Muzzle Device and Handguard Installation

The muzzle device will come with a crush washer that goes on the end of the barrel. Use an armorer’s wrench to tighten the device until it is snug. The handguard is what really makes the gun come together. Place the handguard over the barrel nut and use the provided screws to secure it. Each handguard has its own barrel nut and system of attaching the handguard. The Aero Precision handguard I purchased uses a clamp system with one locking screw in the bottom.

Installing the gas tube
The gas key tube slides into the opening of the upper receiver above the barrel nut.

Completing the Build

With all the parts installed, we can now insert the charging handle and BCG into the upper. To do this, push the rear takedown pin open and flip open the upper receiver. The charging handle will slide into the groove in the upper receiver and the BCG will slide in after that. The receiver can then be closed, and the build is complete.

Installing the BCG
Installing the charging handle and BCG.

I like to perform final functions check of the trigger, selector switch, and cycle the bolt. If all appears to be functioning correctly, I head to the range.

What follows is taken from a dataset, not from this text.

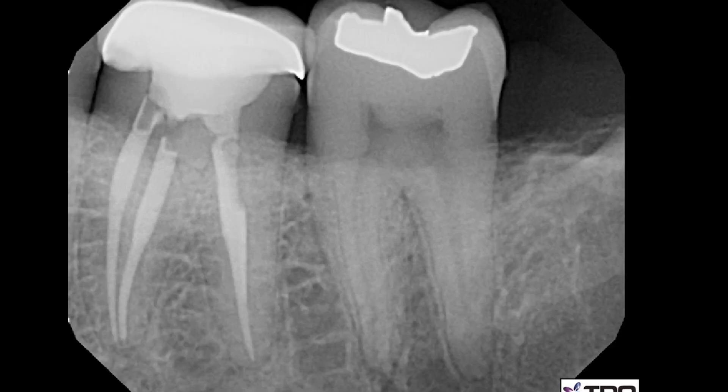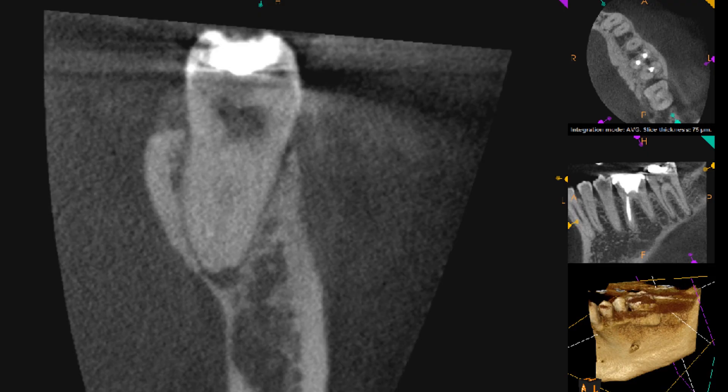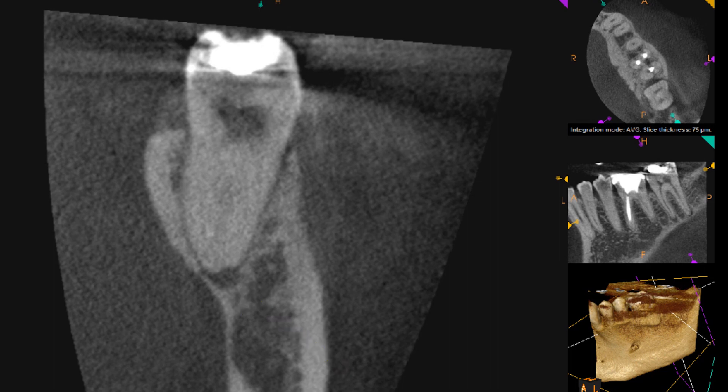This will be an in vivo evaluation of a GentleWave case done on a tooth that had a GentleWave procedure performed because of a fracture in a crown. The tooth was then extracted right after the GentleWave procedure. It was a necrotic tooth, as seen in the cone beam.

Note: if this is your first time building an AR-15, it is advisable to find someone with experience to check it before shooting. Other than that, enjoy shooting your new rifle for the first time and for many years to come.

Custom AR-15
When the build is complete, you can enjoy your new rifle/pistol.

*Disclaimer: While building an AR-15 rifle is fun and not complicated, it can be dangerous to fire a weapon that is not assembled correctly. This article is for information only. It is recommended that a weapon be checked by a certified armorer or gunsmith before firing.

Sheriff Jason Mosher is a law enforcement generalist instructor as well as a firearms and tactical weapons trainer. Jason graduated from the FBI-LEEDA (Law Enforcement Executive Development Association) and serves as a Sheriff for his day job. When he’s not working, he’s on the range, eating steak, or watching Yellowstone.